### DATASET EXTRACT:

....

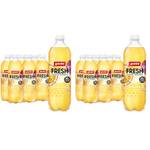 Granini Fresh Maracuja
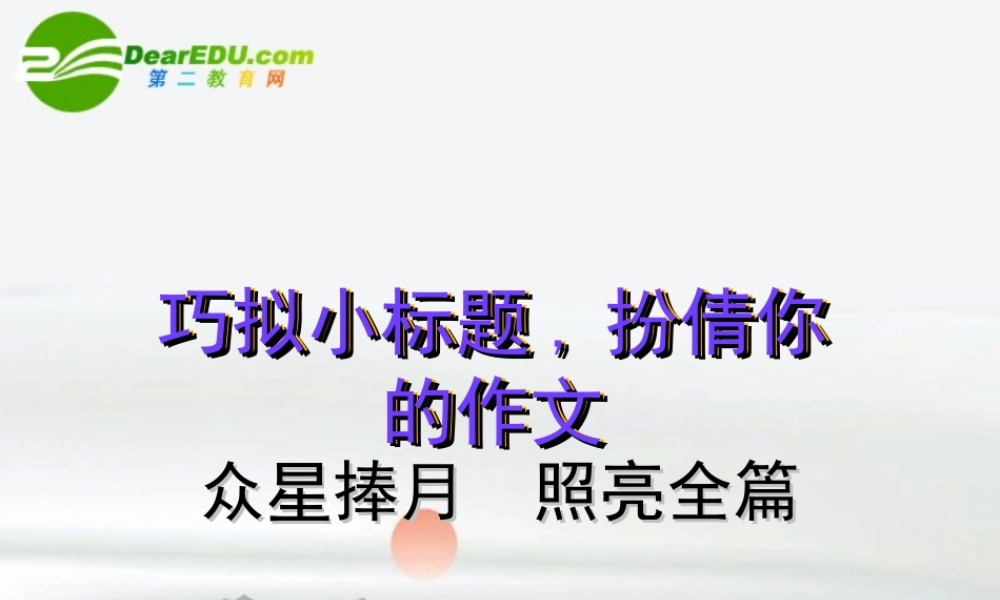 高考语文 巧拟小标题扮倩你的作文作文复习课件 新人教版 课件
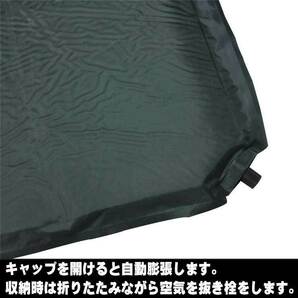 ２枚セットエアーマット マットレス 自動膨張式 車中泊 アウトドア キャンプ エアマット グレー 約190cm×62cm×8cmの画像3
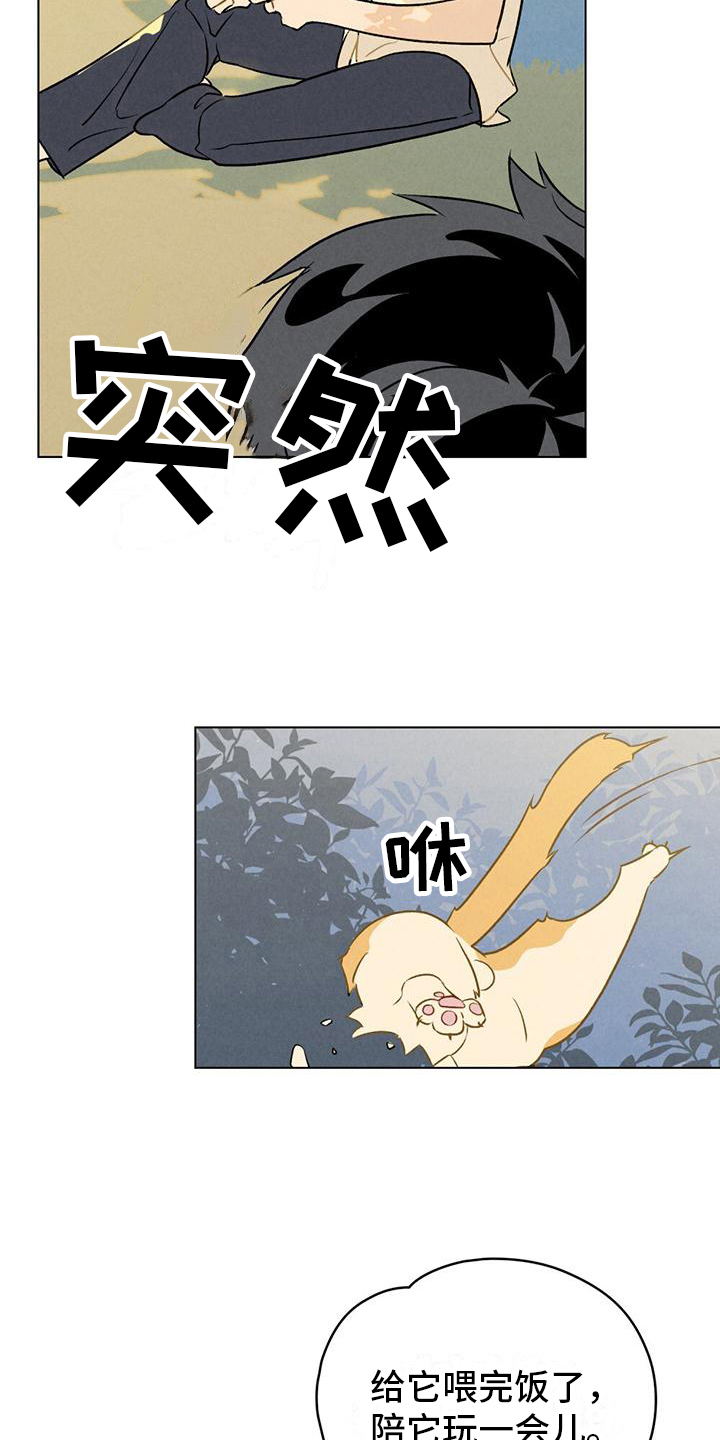 告白前夕漫画,第9章：想要确认1图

....

### YOUR OBJECTIVE:
Please return the lines from the line with "２枚セットエアーマット マットレス 自動膨張式" through the last line of the data, both included, exactly, and without pictures.

### TASK OUTPUT:
 ２枚セットエアーマット マットレス 自動膨張式 車中泊 アウトドア キャンプ エアマット グレー 約190cm×62cm×8cmの画像3
 告白前夕漫画,第9章：想要确认1图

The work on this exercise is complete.